Las protestas que ha desencadenado el asesinato de George Floyd en Minneapolis guardan similitudes con las que provocó la sentencia en primera instancia de los miembros de la manada por la violación de una chica en las fiestas de esta remota ciudad subpireanica. Despejadas las circunstancias y el contexto local, que son muy distintos en cada caso, la analogía reside en la percepción universal de una injusticia flagrante, que golpea a un colectivo humano muy numeroso y que a la postre concierne a toda la sociedad. Simplemente, se abdica de la decencia cuando no se es capaz de entender lo que significa que un hombre, ya arrestado e inmovilizado, sea sometido a la tortura de otro hombre que le aplasta el cuello durante una eternidad de nueve minutos o que una muchacha inerme sea sometida a toda clase de sevicias en el rincón de un inmueble por un grupo de violadores de fuerza aterradora para ella. El gemido apenas audible de George Floyd bajo la rodilla del policía, no puedo respirar, es de naturaleza idéntica a la pasividad muda de la muchacha ante la fuerza de sus agresores, interpretada por un juez como aquiescencia y complicidad en su tortura.

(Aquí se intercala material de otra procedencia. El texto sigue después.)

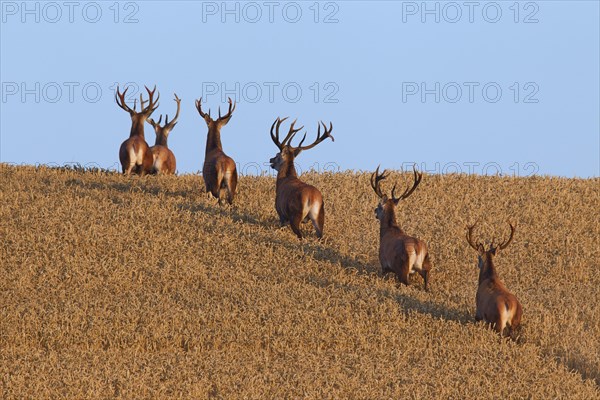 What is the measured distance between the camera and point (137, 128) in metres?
27.9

Pero hay algunas preguntas de mayor alcance cuya respuesta queda para historiadores y sociólogos: ¿por qué un acontecimiento sin duda no muy distinto a los muchos que se producen a diario provoca tal oleada de indignación?, ¿cuáles son las condiciones históricas que convierten un hecho que bien podría haber quedado en el ámbito de lo privado en un emblema movilizador de la conciencia social?, ¿en qué radica la disponibilidad de la sociedad para la protesta y el cambio? El feminismo y el antirracismo constituyen las dos enmiendas más hondas y significativas que la sociedad hace a la herencia de la Revolución Francesa, pronto devenida revolución burguesa. Los derechos del hombre y del ciudadano, que están en el código genético de nuestra cultura política, quedaron casi de inmediato circunscritos a los derechos de los varones blancos y propietarios, y sin embargo el sistema se ha mantenido y ha funcionado durante dos siglos y pico. Ni siquiera la subsiguiente revolución socialista del pasado siglo, centrada en la transformación material de la sociedad, modificó esta estructura política, que también es económica y cultural. Ahora, el seísmo de la protesta alcanza al pasado. Los manifestantes abaten estatuas públicas de próceres de nuestra civilización que en realidad fueron conspicuos esclavistas, y en Bruselas, la  capital de Europa, peligra la efigie del rey Leopoldo, el fundador de la actual dinastía reinante en el país -el rey constructor, le nombran las guías turísticas de la ciudad-, en realidad un abyecto y despiadado genocida que creó en la actual República del Congo un caos criminal cuyas consecuencias aún padecen sus habitantes (*).

Y aún queda un motivo de perplejidad añadido. Las protestas feministas y antirracistas se producen en el contexto de las dos crisis sistémicas que han arrasado los regímenes liberales en este inicio de siglo: la crisis financiera de 2008 y la crisis sanitaria de 2019-20. Ninguna de estas dos situaciones brutalmente anómalas ha provocado manifestaciones directamente inspiradas en ellas (si exceptuamos las breves fantasmadas neofascistas de algunos vecinos de los barrios ricos de Madrid). ¿Por qué? Responder con tino a esta pregunta nos daría las claves del malestar generalizado, cierto e intangible, que padecen nuestras sociedades, algunos de cuyos síntomas son, la mercantilización de la vida pública, la desafección social hacia los representantes de la clase política y el despertar del autoritarismo en el corazón de las democracias asaeteadas por los moscardones de tuiter.

(*) El lector curioso de este tema debería dirigirse, si no lo ha hecho ya, a la deslumbrante indagación El fantasma del rey Leopoldo de Adam Hochschild, vertido al castellano por José Luis Gil-Aristu.